Nearly 320 people have participated so far—317. Health is a high priority for 86 per cent of those who participated and education for 34. Twenty participants said that light rail should go ahead. But topping the list, unsurprisingly, are the 97 participants who said they do not support light rail and they saw that stopping light rail was the highest priority that we could have in the ACT.

That is essentially a third of all people who stop and speak to me telling me that stopping light rail is for them their highest priority. Many of the people who stand there saying, “Mmm, where will I put this,” often want to put it on health or education, but they actually realise that if they do not stop light rail, we will not have the money necessary to spend on health and education. And they will say to you, “Education or health are high priorities for me, but we can’t afford to spend the money on light rail and spend it on health and education.”

I think that is a message the people on the other side actually have not got. I note the internet meme going around the other day posted by the ALP in response to a Liberal Party pamphlet with the small child from the Old El Paso ad saying, “Why can’t we have both?” The answer is we cannot have both because we cannot afford it. The average residents of Tharwa or Hall or Dunlop or Oaks Estate actually understand that. They understand something the Labor Party and the Greens party do not understand. They cannot afford it, and these people understand the cost pressures that are being put on their families because of the wrong priorities of this government, even though this government does not.
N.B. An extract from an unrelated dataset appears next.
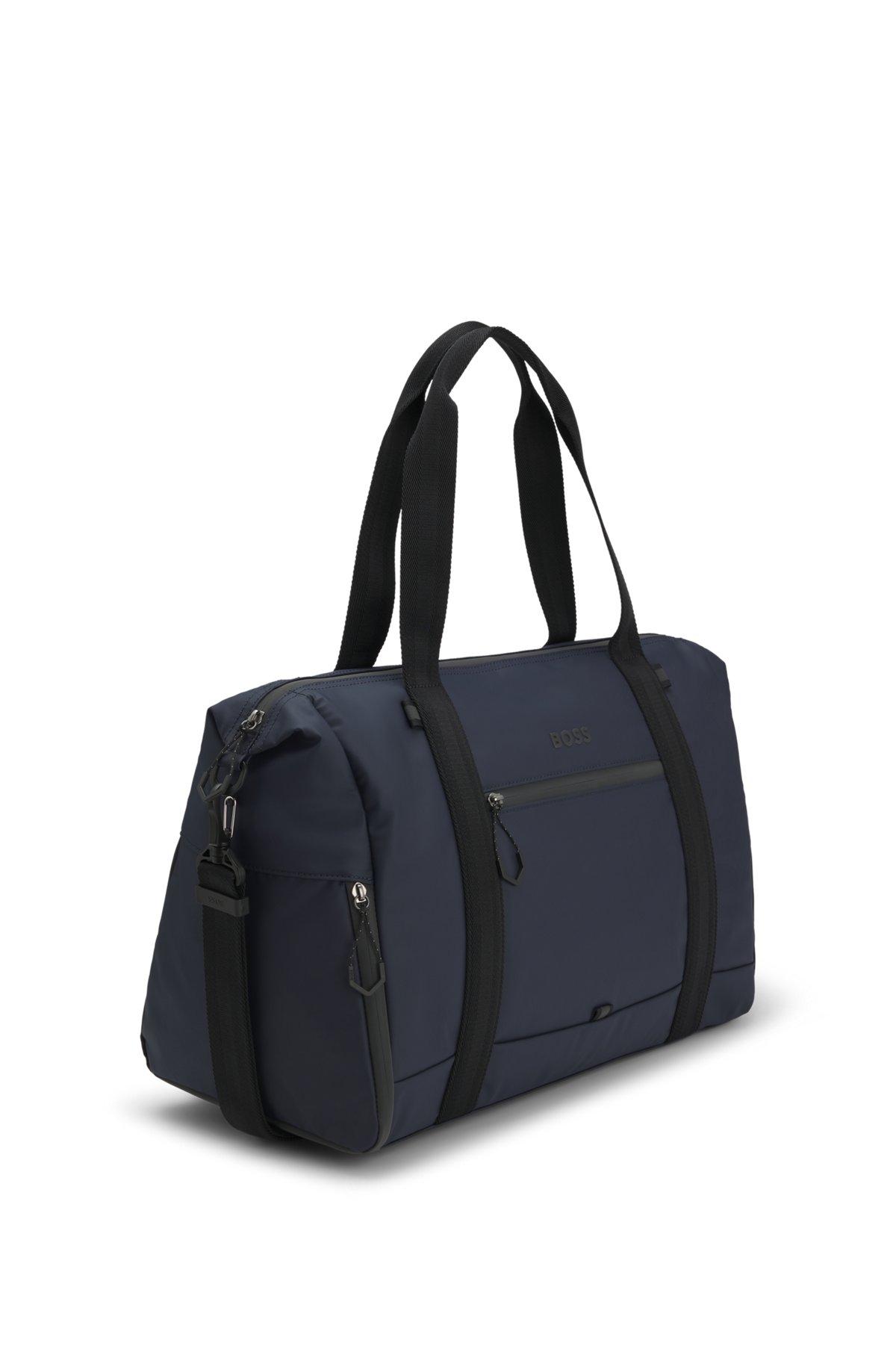 Reflective-detail holdall in faux leather Product Image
One of the things that people speak to me about most often—going back to the topic that occupied Mr Doszpot for much of his speech—is the whole issue of rates. Between 2011 and 2015 average rates in Belconnen have risen by 57.5 per cent. That averages out at almost 10 per cent a year. Mr Barr, the Treasurer, has said that he will be magnanimous in 2016-17 towards Canberrans. If you live in a freestanding house you will have a rates holiday because they will only increase by 4.5 per cent on average this year.